> _INPUT RECORDS_:
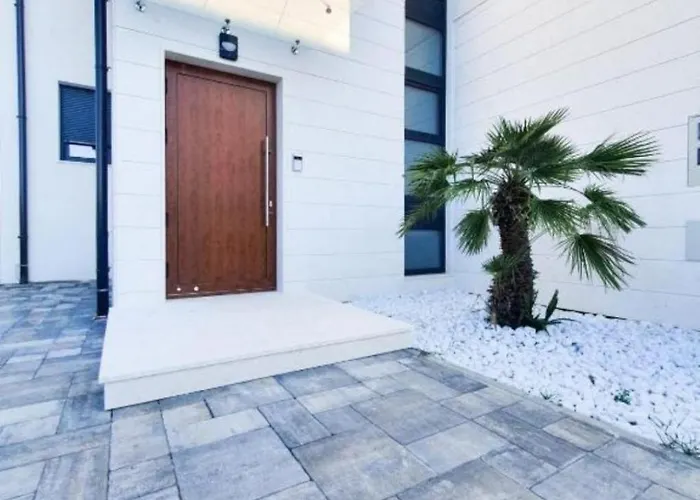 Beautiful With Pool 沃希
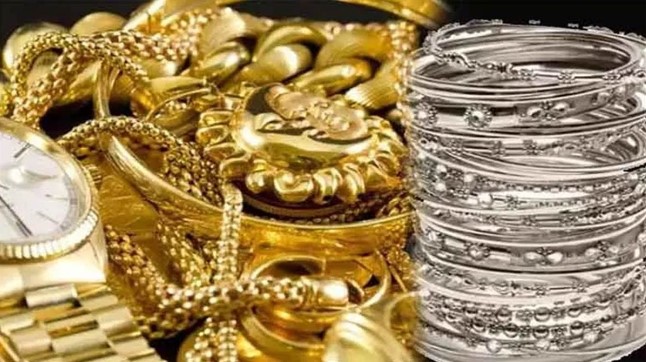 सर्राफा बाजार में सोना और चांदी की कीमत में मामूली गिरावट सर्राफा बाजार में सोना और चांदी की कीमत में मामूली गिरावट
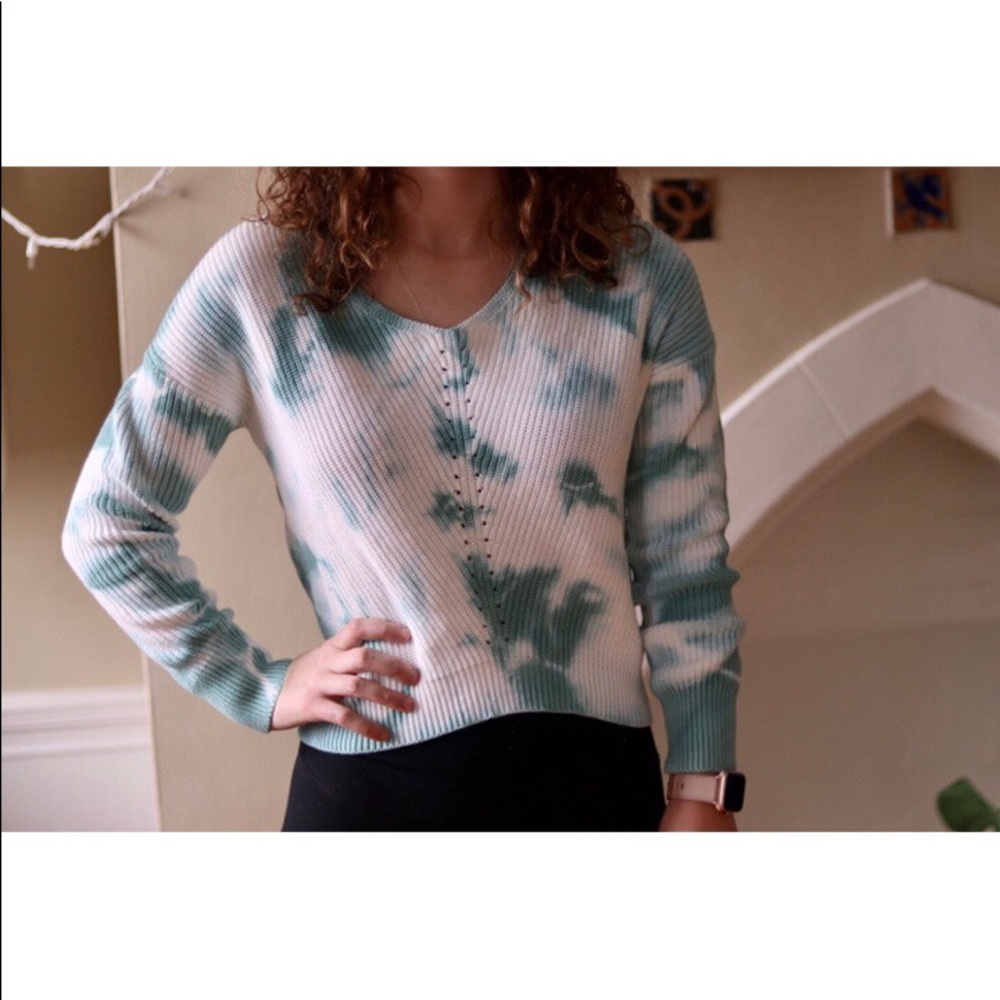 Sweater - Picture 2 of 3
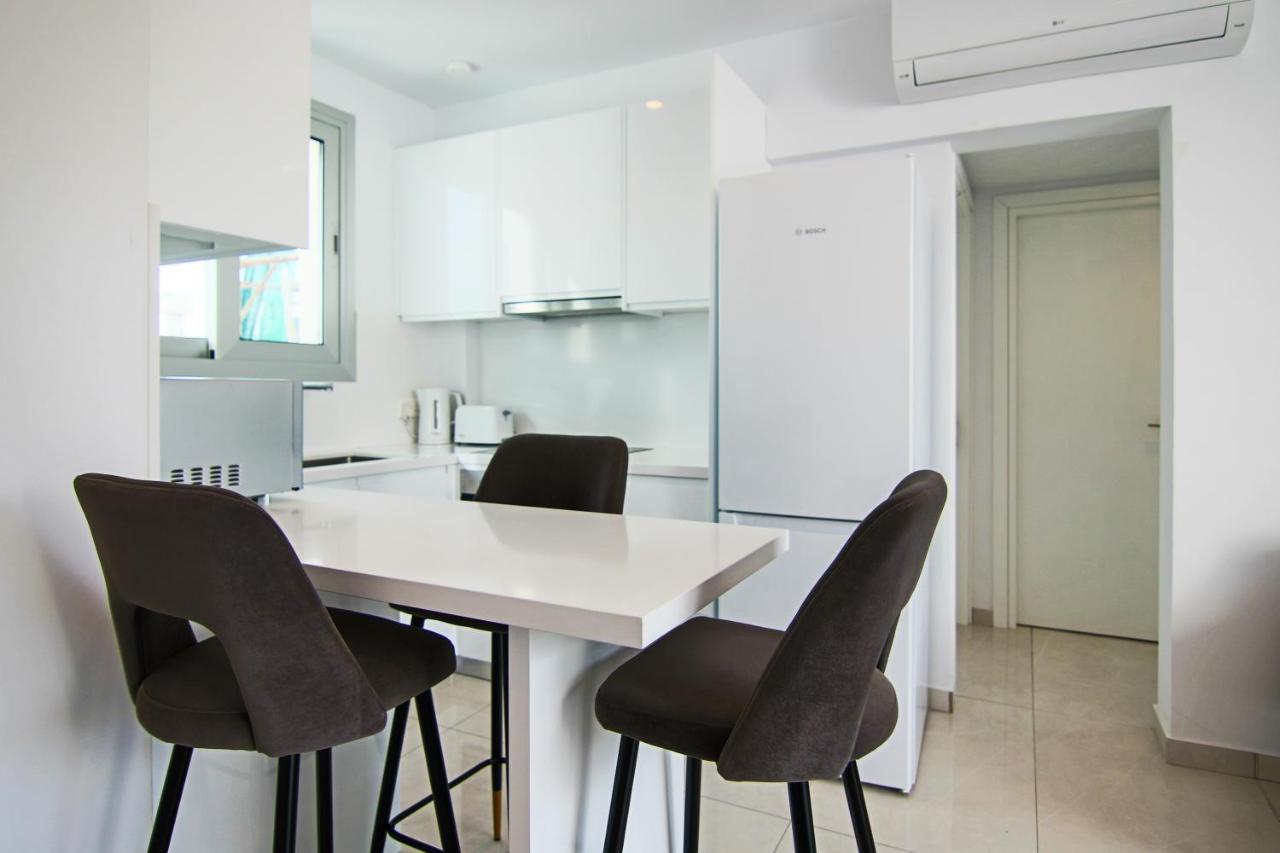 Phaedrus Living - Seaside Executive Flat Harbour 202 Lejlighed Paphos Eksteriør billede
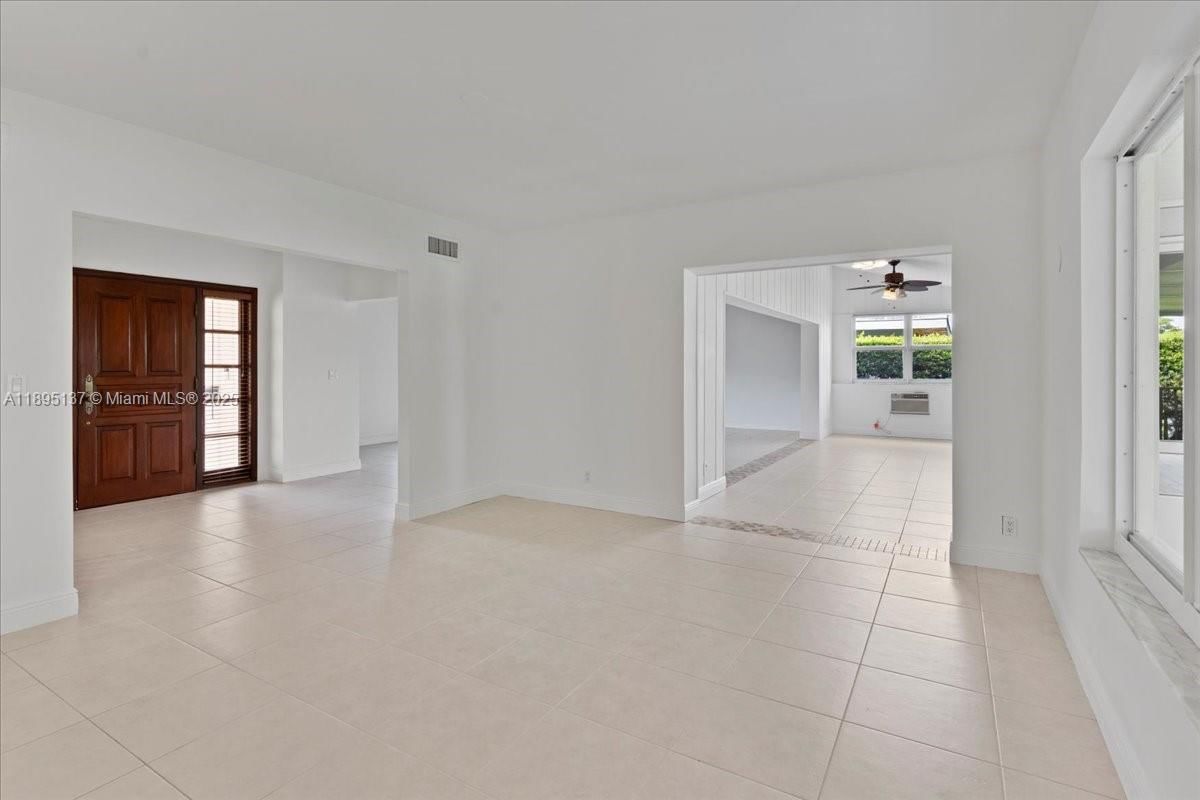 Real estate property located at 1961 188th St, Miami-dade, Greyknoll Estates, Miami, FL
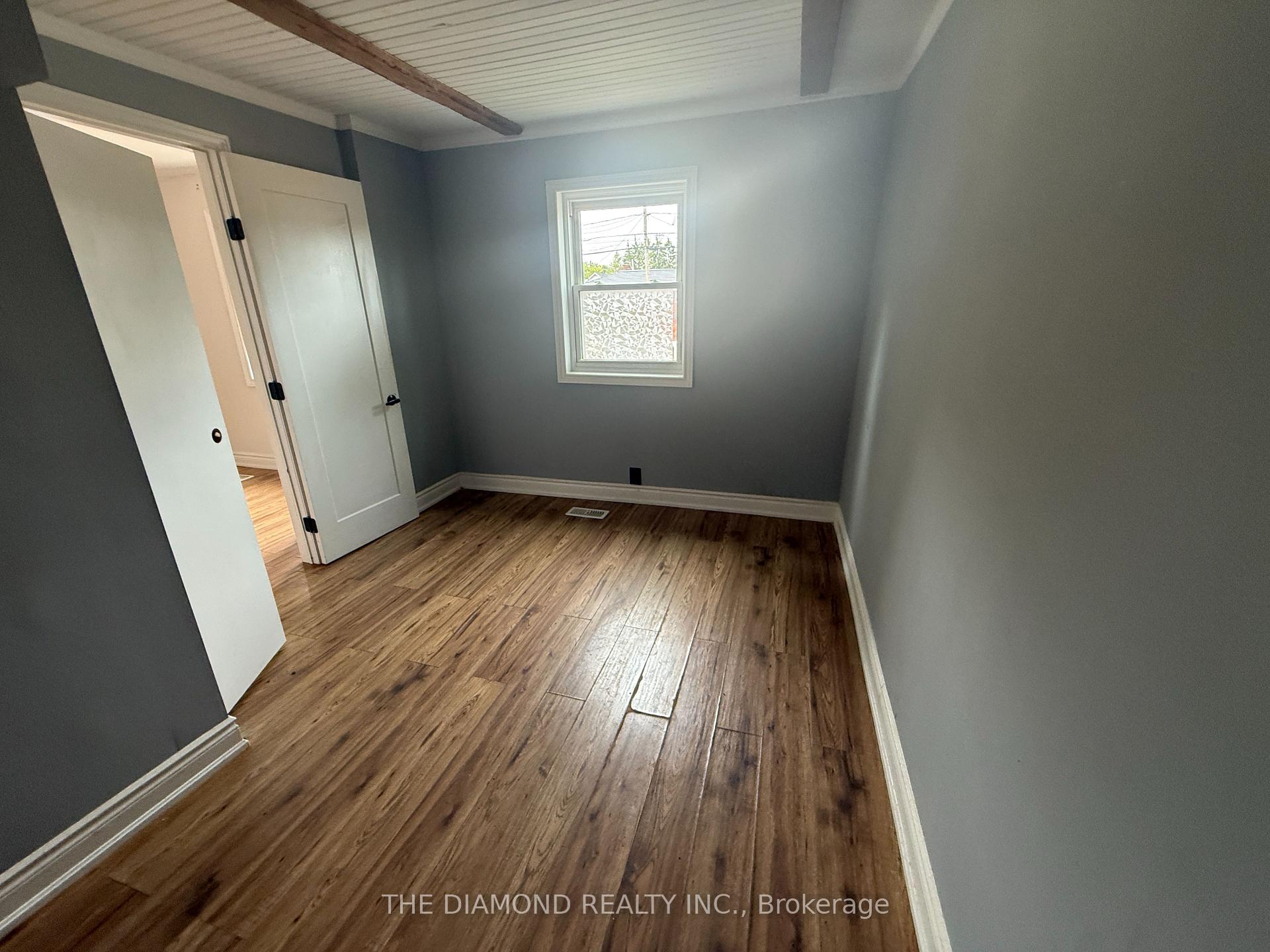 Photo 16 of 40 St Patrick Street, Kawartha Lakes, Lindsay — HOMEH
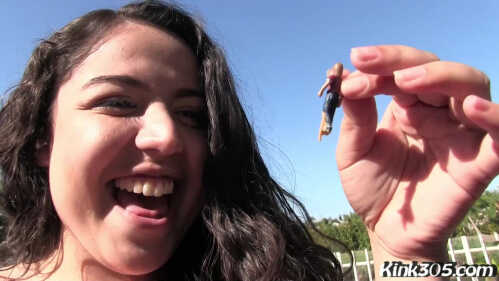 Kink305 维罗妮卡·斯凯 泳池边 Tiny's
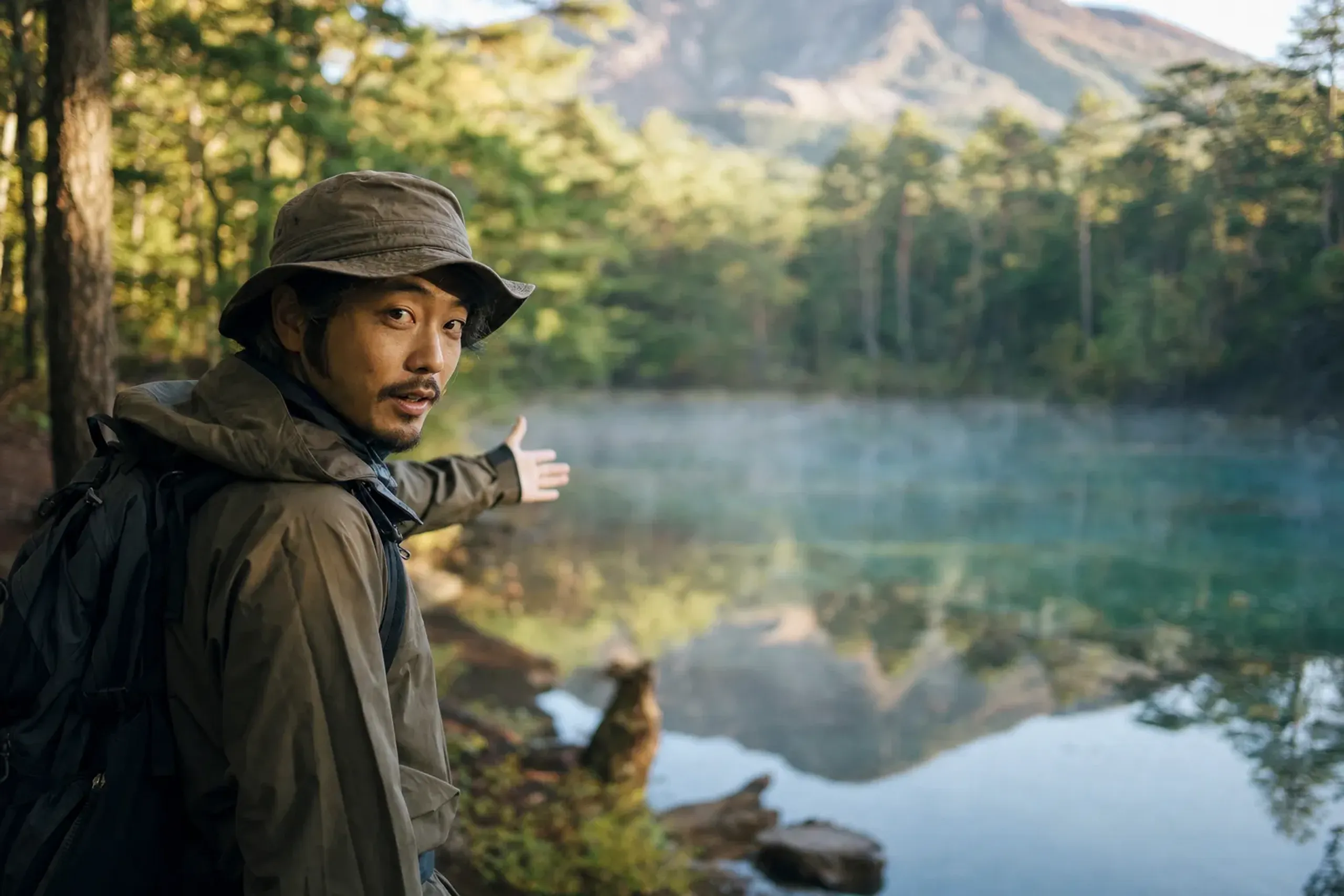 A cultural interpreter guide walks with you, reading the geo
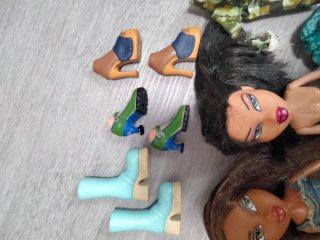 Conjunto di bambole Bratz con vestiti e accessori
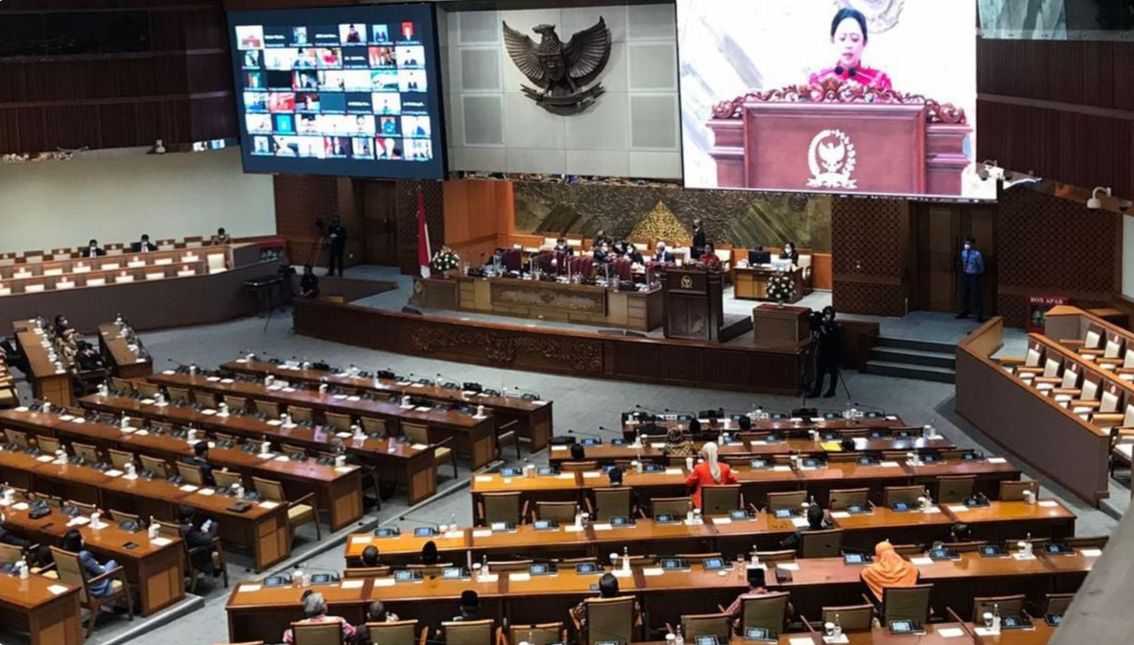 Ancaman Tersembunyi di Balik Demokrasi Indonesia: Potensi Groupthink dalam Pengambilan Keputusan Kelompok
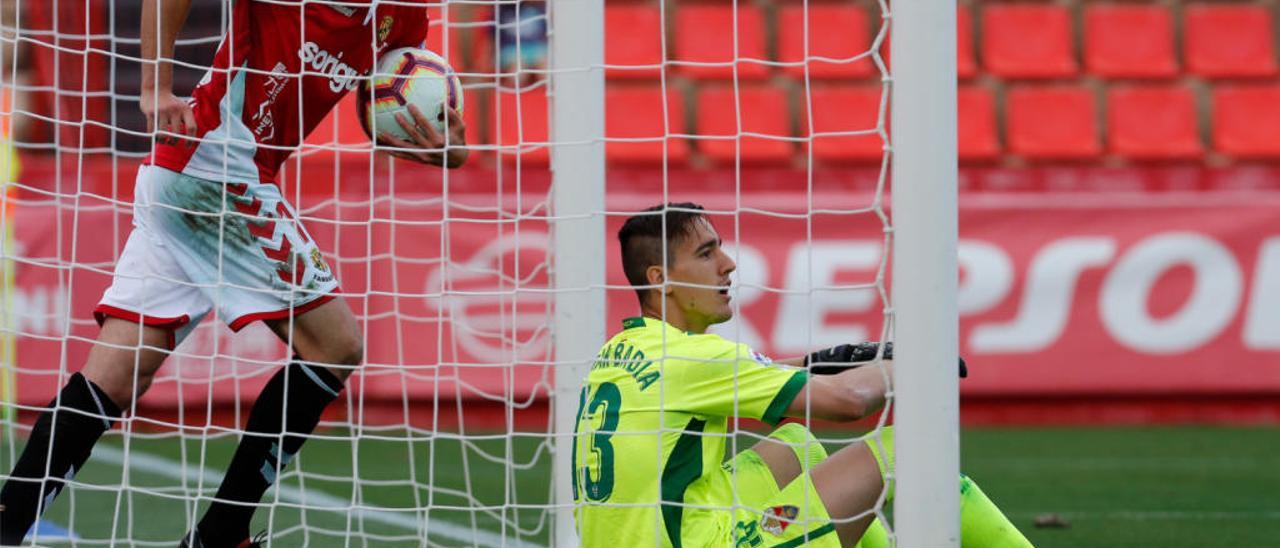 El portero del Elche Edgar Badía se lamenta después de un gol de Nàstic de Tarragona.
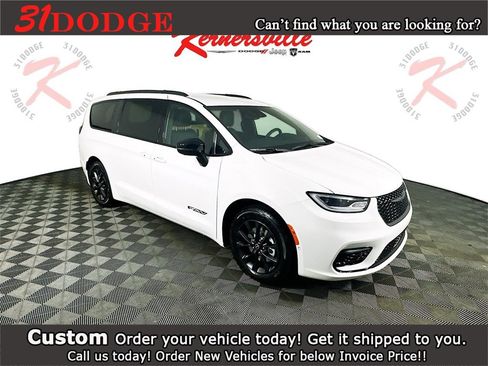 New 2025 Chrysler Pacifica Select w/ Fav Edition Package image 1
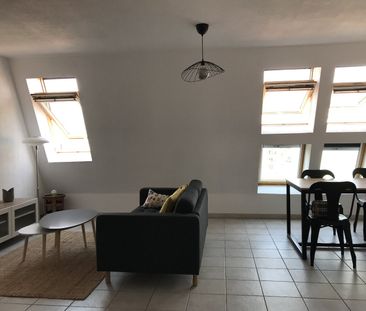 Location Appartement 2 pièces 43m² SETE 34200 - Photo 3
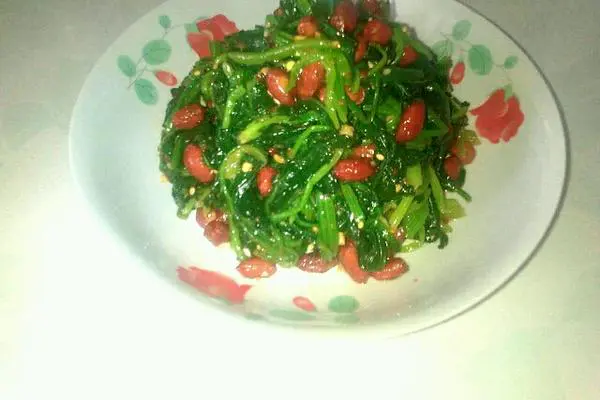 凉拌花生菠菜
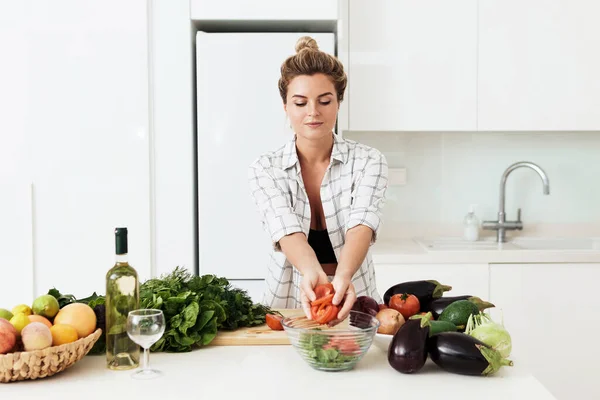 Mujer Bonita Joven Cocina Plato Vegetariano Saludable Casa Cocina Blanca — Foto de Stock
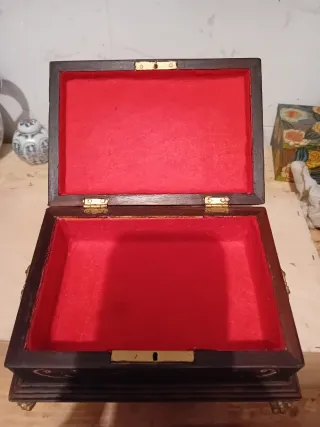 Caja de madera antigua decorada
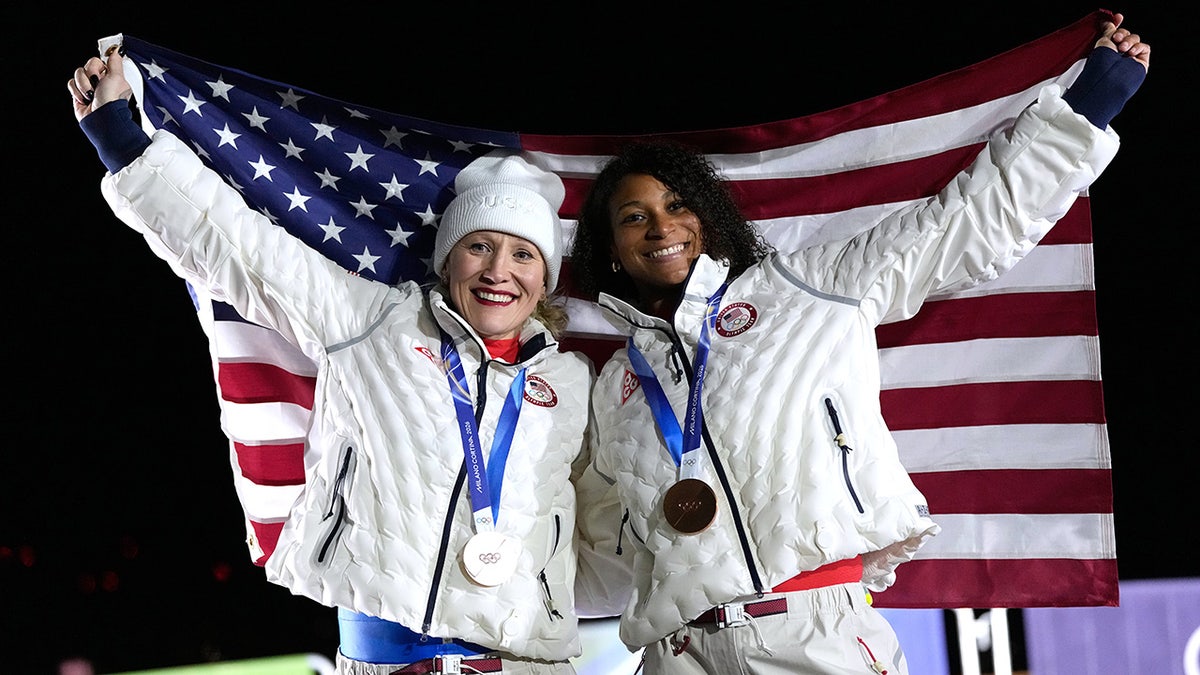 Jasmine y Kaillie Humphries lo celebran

> _WHAT TO WORK ON_: Beginning at the line with "New 2025 Chrysler" and ending at the last line of the listing above, retype each line exactly, including those two lines. Leave the pictures out.

> _PROBLEM SOLUTION_:
 New 2025 Chrysler Pacifica Select w/ Fav Edition Package image 1
 Location Appartement 2 pièces 43m² SETE 34200 - Photo 3
 凉拌花生菠菜
 Mujer Bonita Joven Cocina Plato Vegetariano Saludable Casa Cocina Blanca — Foto de Stock
 Caja de madera antigua decorada
 Jasmine y Kaillie Humphries lo celebran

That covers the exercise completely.